The task:
With the pictures left out, retype exactly the lines below starting at the line that contains "47 Coorong Avenue IRYMPLE 17" and ending at the line that contains "204 Murray Street, Oakville, WA 98568".

Dataset records:
######

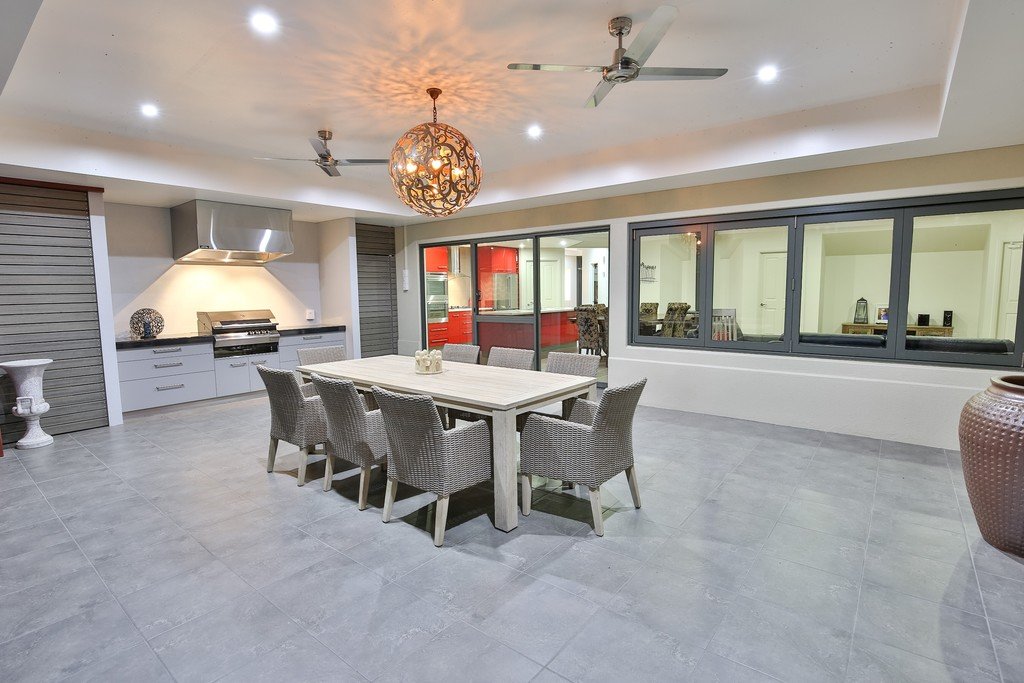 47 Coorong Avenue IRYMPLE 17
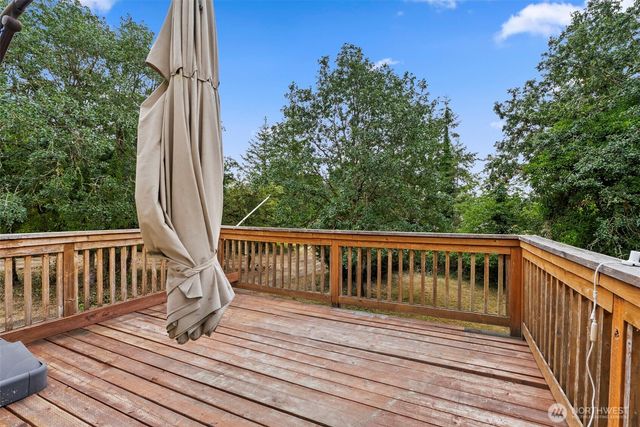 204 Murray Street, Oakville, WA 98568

######

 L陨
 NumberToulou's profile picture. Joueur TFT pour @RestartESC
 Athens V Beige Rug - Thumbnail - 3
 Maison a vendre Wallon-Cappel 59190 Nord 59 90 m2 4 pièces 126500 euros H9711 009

######

Answer:
 47 Coorong Avenue IRYMPLE 17
 204 Murray Street, Oakville, WA 98568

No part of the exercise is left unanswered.